Sometimes the outer walls print well, but the infill is “torn”. In this case, slow down the infill print speed in the slicer.
Model bundle
Cracks form on the surface of the printout during or after printing. Cracks can be large or very small. Most often, this problem occurs with plastics with a high percentage of shrinkage - ABS or Nylon.
Sudden temperature difference (if model delaminates during printing)
With a sharp temperature difference (for example, a draft), part of the model cools down faster. This leads to uneven shrinkage and incorrect distribution of internal stress. For plastics with low shrinkage, this is not critical. But if the shrinkage percentage is more than a few percent, the model may burst in layers.
For printing with such plastics, it is recommended to use a printer with a closed housing. If this is not possible, try to avoid drafts and sudden temperature changes in the room where the 3D printer prints as much as possible.
Print temperature
Due to too low printing temperatures, the layers may not “stick” well to each other. Raise the print temperature in the slicer settings.
Hardening (if the model cracks after printing)
Sometimes cracks appear on the model a few days after printing. This is due to uneven distribution of internal stress after cooling. You can try to “harden” the finished product.
For hardening, the model is placed, for example, in an oven, and heated to the softening temperature of the plastic. After that, the heating is turned off and the oven is left to cool slowly with the model inside. Due to this, the stress inside the print is distributed more evenly. But accuracy is very important in this method - if you make a little mistake with the temperature, the finished product can “float”.
Ringing
In places where the extruder changed direction, ripples are visible. Most often it looks like a shadow around the “sharp” protruding elements of the model.
Mechanical problems
Sometimes the problem occurs due to extruder play. Check if the extruder mount to the rails is loose. Be sure to check the tension of all belts.
High print speed or high accelerations
Moving the extruder too fast can cause vibrations that cause ripples on the wall of the model. The lighter the weight of the extruder, the less noticeable the ripples will be. To get rid of ringing, simply reduce the print speed in the slicer settings.
Slits for thin-walled models (not solid shell)
The thin wall of the model is not solid, but consists of two thin walls with a narrow gap between them. This problem is often faced by fans of printing "cutting" for baking.
Left model with wall defect, right without
Wall thickness and nozzle diameter mismatch
If the wall thickness is 1 mm, and the nozzle diameter is 0.4, it turns out that for a solid wall, 2 nozzle passes are few, and 3 are already many. The result will depend on the slicer algorithm, but most often you will get 2 walls with a thin slot in the middle (the slicer cannot change the wall thickness).

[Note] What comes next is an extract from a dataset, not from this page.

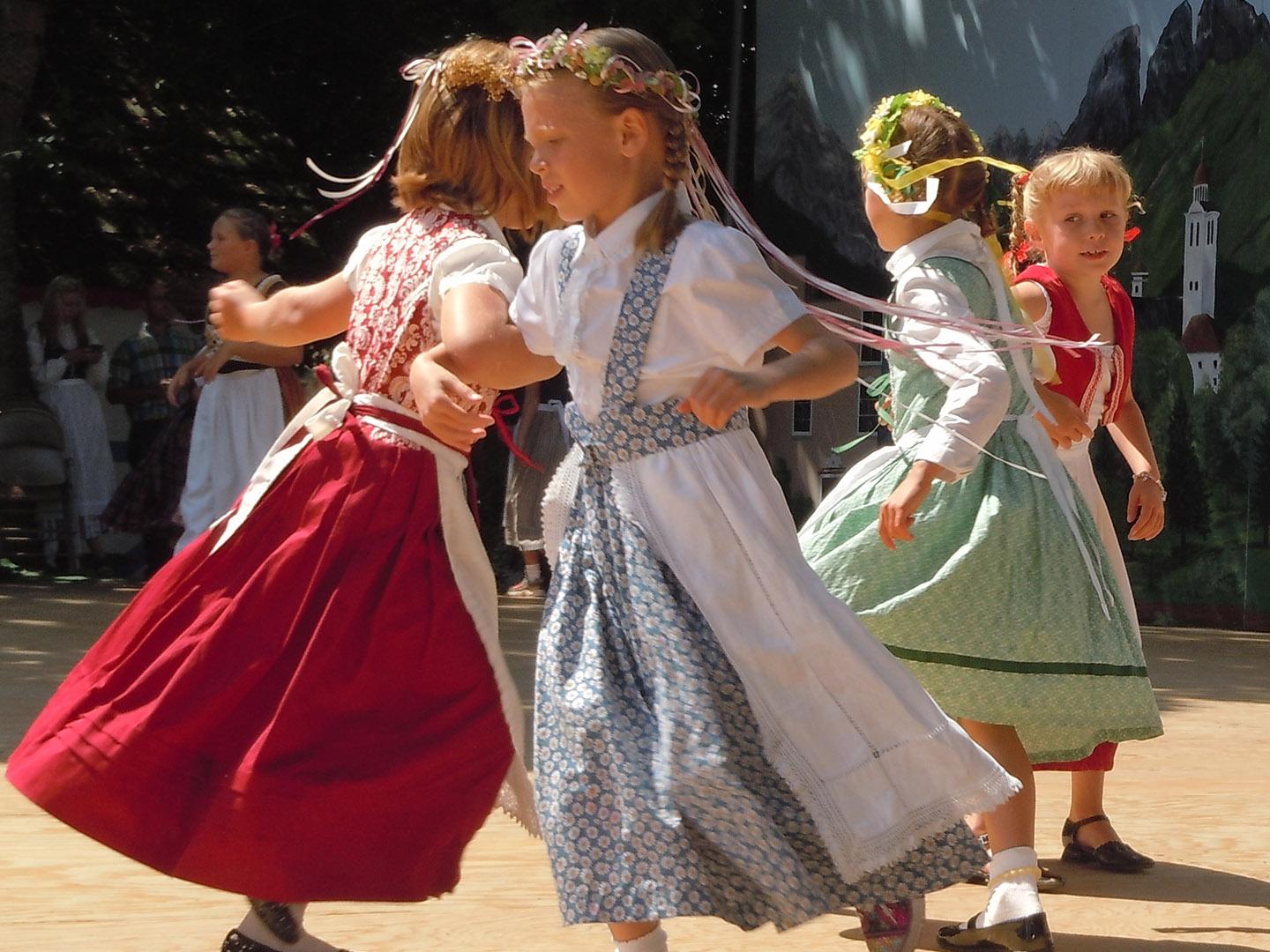 Children dancing in traditional costumes during the Scandinavian Festival in Junction City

The solution to the problem may be a slight refinement of the 3D model or the use of a different slicer.
Algorithms for calculating 3D models are constantly being improved and refined, and now this problem is less common.
When modeling, take into account not only the thickness of the nozzle, but also the percentage of “overlapping” of lines on each other. If you have a nozzle with a diameter of 0.4 - make the wall in your model not 0. 8, but 0.7 - 0.75.
Wrong model geometry
When instead of a circle you get an oval, and instead of a square you get a semblance of a rhombus.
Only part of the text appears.